Over the day, I had not one touch at all to the centre pool rod regardless of bait. I fared a bit better on the willow rod, successfully landing a 1lb eel, a small (3-4oz) perch and a 9oz roach plus losing one fish when the hook pulled loose… and numerous bites on maggot and worm too although meat and prawn did not attract at all.

The 2 guys on the far bank had 3 fish, carp I assume, that looked around 5-8lb possibly…
Well, to be honest, their tackle had 3 fish really… as it seemed that each bite resulted in the alarm sounding and a 50-60 yard dash from a bivvy to the rods to pick up the rod… I suppose they were using a fixed lead setup of a sort. Not really my style – as I say their tackle caught the fish NOT the angler. To me, to use a fixed lead/bolt/self-hooking rig is NOT fishing – may as well tie a nightline, go home, and see if you caught anything the next morning… To me fishing means that I catch the fish by being attentive to the rods (ie sat with them all the time – ok I admit that at times nature does require me to take a trip to the bushes but rarely am I more that 10 yards from the rods even then), using setups that provide the least possible resistance to a feeding fish (eg light as possible running leads) so they feed confidently, and deciding when to strike (sometimes to a mere flicking of the line at the rod top that has not affected the buzzer/indicator, sometimes a twitching bobbin, sometimes a slowly rising bobbin, and sometimes a run that smashes the bobbin up to the butt, and sometimes taking the rod off the rests when twitching can be seen at the bobbin and feeling the line to time the strike, etc) – ie *I* catch the fish, which is as it should be in my view. Fishing is NOT just catching… and fishing is NOT just fishing either come to that, enjoyment of the surroundings also forms part of *the experience* too.

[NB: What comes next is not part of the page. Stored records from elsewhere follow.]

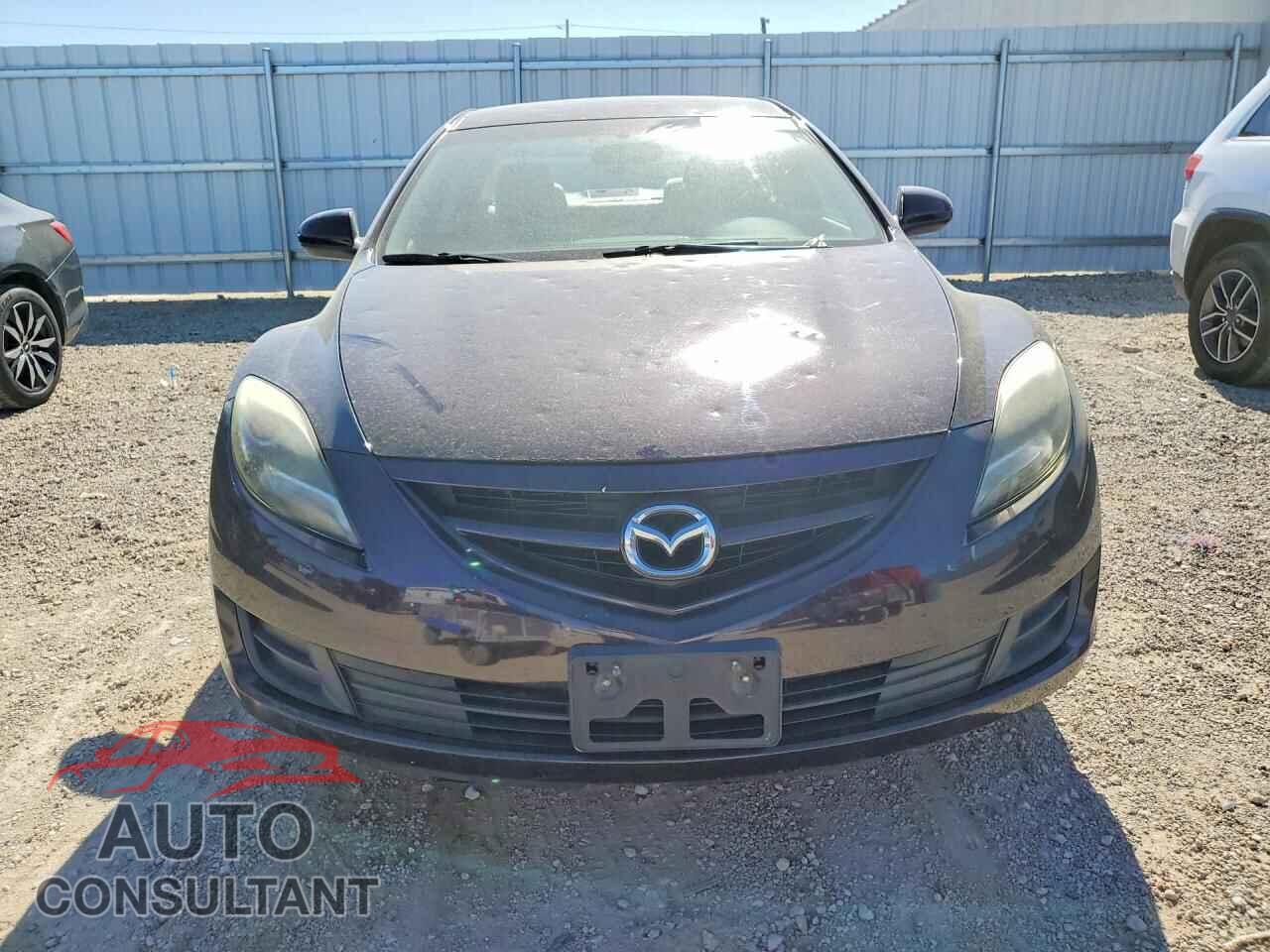 MAZDA 6 2011 - 1YVHZ8BH3B5M30258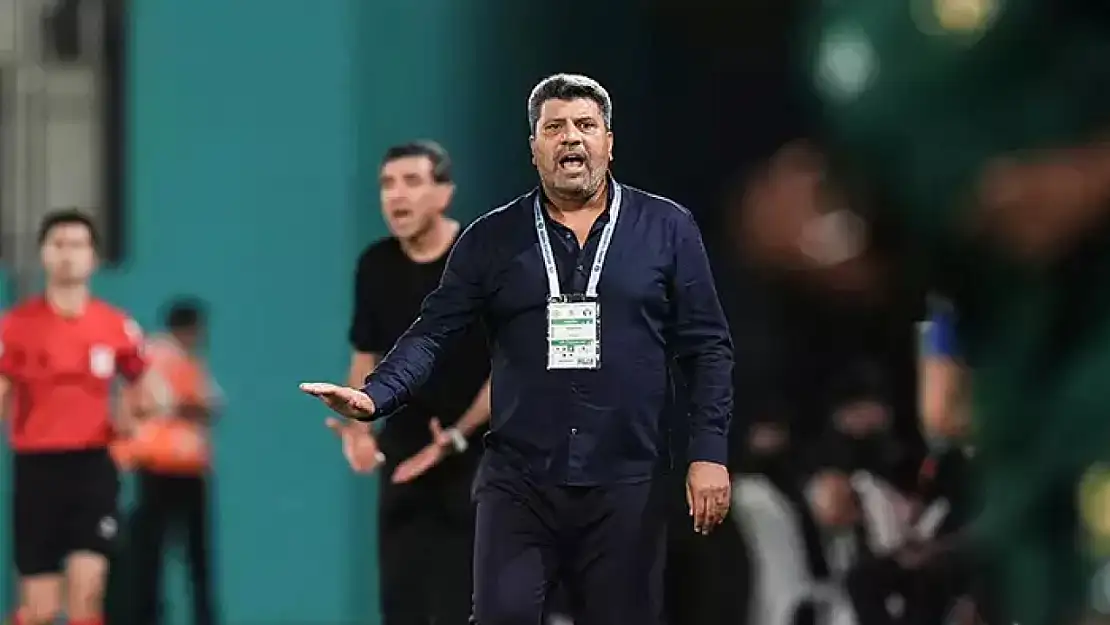 Koray Palaz: Bugünleri de aşacak camia gücümüz var
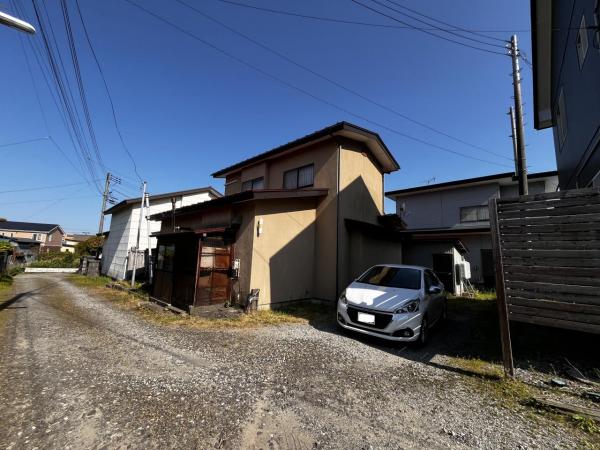 中古戸建 能代市字彩霞長根 JR五能線能代駅 248.3万円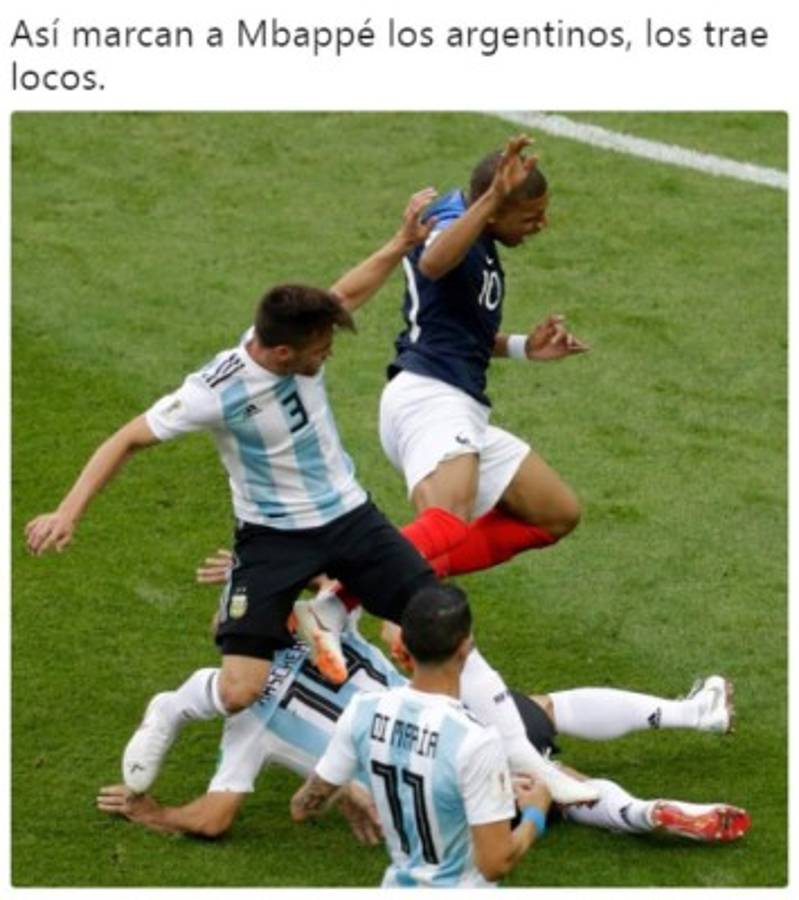 MEMES: Messi y Argentina revientan las redes tras quedar eliminados de Rusia 2018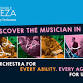 Community Orchestra: Rehearsal No. 3 (of 4) — event image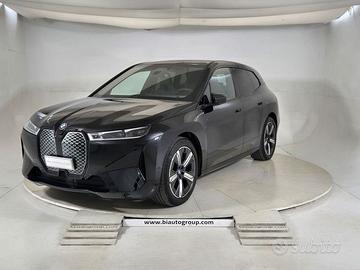 BMW iX i20 2021 xdrive50 pacchetto sportivo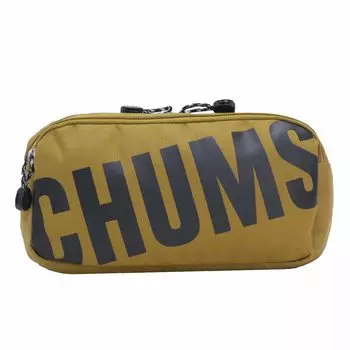 Recycle Waist Bag Brown [Chums] Men s CH60-3534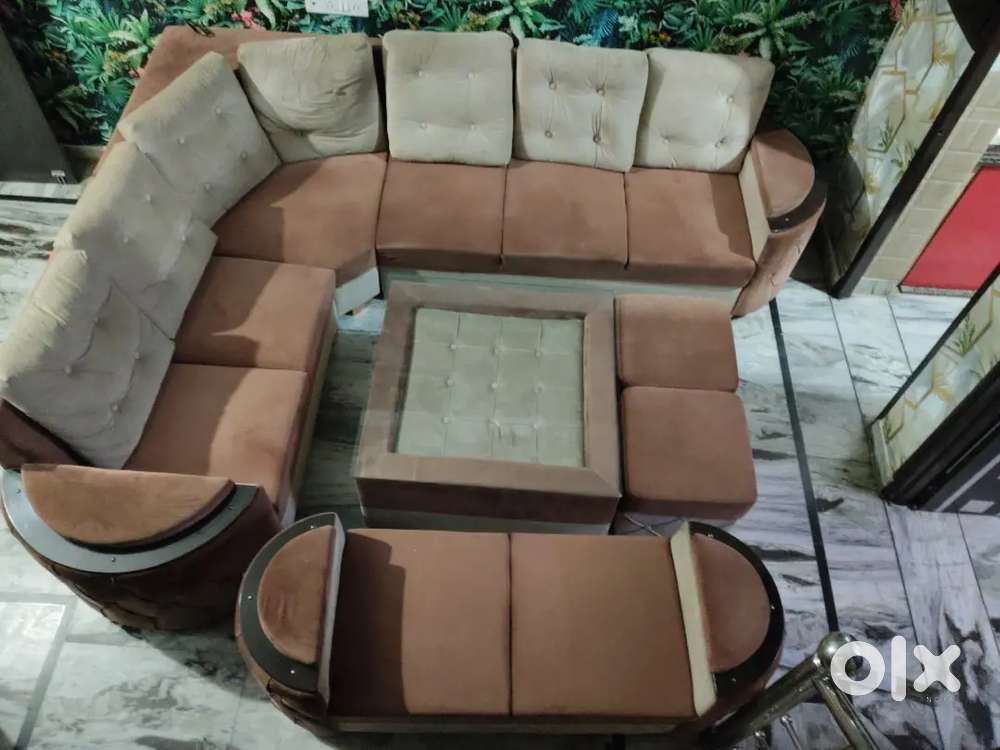 Sleepwell sofa set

Anyway, although the catch wasn’t great in general terms, from that pool I was quite pleased – results are improving with each visit.

Next trip out will be next week now – Liz has the week off so we’ll decide on when and where at sometime. Most likely Tuesday or Friday, the weather forecast OK those couple of days but the rest are quite dodgy.

OH, yes… I said I’d report on those Asda prawns when I opened the second bag – the first one being bits and slush with only 2 recognisable prawns? Well, I have now opened that second bag – and it was an improvement on the first with recognisable prawns in the main – BUT still not a patch on the Morrison’s bags.